Travel portals have now found a new destination -- in your mobile. Leading travel sites such as Yatra, Makemytrip, Cleartrip and Travelguru, have high hopes from the mobile user base, which is expected to grow to 500 million by the end of 2010.

From providing basic mobile-friendly information such as flight status, ground transportation, weather radar, currency rates, restaurant and sights information, and directions on GPRS-enabled phones to air-ticketing, your travel will just be an SMS away.

But there seems to be one hitch -- travel details have to be made viewable and reachable on every mobile phone's browser.

The latest one to go mobile is Yatra.com, an online travel service company, which has announced plans to provide for air ticket bookings in a convenient manner over mobile handsets.

The company is also introducing hotel bookings, car rentals and bus bookings on the mobile phone shortly.

Dhruv Shringi, co-founder, Yatra, says, "We hope to clock somewhere around two lakh transactions made over the mobile portal in the next few months."

The site will be adding hotel bookings to its mobile services portfolio in September and calculates that the nine million GPRS subscribers in India would be able to access the Internet and make travel plans over their mobile phones.
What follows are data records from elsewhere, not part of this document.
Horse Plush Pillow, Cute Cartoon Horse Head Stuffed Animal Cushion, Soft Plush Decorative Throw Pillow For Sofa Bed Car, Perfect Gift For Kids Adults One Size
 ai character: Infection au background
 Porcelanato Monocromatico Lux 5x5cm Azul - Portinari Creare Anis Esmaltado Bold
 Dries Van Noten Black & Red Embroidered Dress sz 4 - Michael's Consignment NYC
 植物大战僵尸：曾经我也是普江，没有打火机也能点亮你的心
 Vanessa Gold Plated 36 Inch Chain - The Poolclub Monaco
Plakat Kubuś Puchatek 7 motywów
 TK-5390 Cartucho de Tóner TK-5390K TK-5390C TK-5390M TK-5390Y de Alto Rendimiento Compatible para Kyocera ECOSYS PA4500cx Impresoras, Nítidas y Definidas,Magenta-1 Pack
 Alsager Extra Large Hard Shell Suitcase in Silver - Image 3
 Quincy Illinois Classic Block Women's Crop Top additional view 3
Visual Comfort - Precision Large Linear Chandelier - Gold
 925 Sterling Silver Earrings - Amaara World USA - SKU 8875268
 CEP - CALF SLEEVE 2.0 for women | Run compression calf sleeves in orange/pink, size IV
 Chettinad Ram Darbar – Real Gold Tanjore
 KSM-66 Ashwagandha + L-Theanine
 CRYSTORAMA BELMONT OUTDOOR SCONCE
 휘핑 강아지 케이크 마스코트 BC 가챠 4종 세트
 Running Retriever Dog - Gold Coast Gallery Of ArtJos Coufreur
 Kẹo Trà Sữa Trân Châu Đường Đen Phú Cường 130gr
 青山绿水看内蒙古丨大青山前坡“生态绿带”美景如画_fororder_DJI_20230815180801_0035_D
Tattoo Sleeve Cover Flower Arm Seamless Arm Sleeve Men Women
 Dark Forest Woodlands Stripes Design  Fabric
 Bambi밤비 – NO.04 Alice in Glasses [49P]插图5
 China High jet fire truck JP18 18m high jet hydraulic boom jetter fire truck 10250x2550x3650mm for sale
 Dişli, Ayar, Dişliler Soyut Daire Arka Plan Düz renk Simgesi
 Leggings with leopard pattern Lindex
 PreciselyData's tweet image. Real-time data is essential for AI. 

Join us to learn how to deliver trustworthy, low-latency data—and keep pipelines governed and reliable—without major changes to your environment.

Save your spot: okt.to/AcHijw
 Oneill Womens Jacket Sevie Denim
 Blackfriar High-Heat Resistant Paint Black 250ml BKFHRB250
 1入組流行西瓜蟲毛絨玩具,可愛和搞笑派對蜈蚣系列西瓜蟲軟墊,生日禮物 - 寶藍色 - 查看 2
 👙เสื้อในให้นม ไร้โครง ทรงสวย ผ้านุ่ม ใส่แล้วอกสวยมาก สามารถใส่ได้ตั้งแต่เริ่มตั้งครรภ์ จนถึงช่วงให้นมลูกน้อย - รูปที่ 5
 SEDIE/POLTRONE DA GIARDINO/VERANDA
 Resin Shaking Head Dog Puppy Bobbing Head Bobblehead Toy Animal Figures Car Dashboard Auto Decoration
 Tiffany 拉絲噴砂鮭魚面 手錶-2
Currently, mobile bookings are relatively minuscule for Yatra, but Shringi says that the tie-up with mobile firms will help in increasing the share of mobile bookings to 20 per cent in next three years.

His optimism isn't misplaced. India has 190 million mobile phone subscribers (July 2007) out of which 31.30 million users access internet through their GSM or CDMA handsets, according to the Telecom Regulatory Authority of India.

In other words, one out of every five mobile users in the country subscribes to the Internet through his handset.

Yatra has tied up with Reliance Communications [Get Quote] and Makemytrip is reportedly in talks with Bharti Airtel [Get Quote] to give customers the option of booking air tickets on their mobile phones.

For payments, the users can either use mobile banking or choose to pay online. Among the other payment options, SMS booking can be done by giving the credit card details to an interactive voice response system that will deduct the amount from user's bank.

Cleartrip, a relatively new entrant in the travel market, also nurtures plans to enter into SMS-booking of air tickets but not until the volumes are right.

"We already have a mobile service where customers can search for the best air fares from their mobile phone by sending an SMS," says Sandeep Murthy, CEO, Cleartrip.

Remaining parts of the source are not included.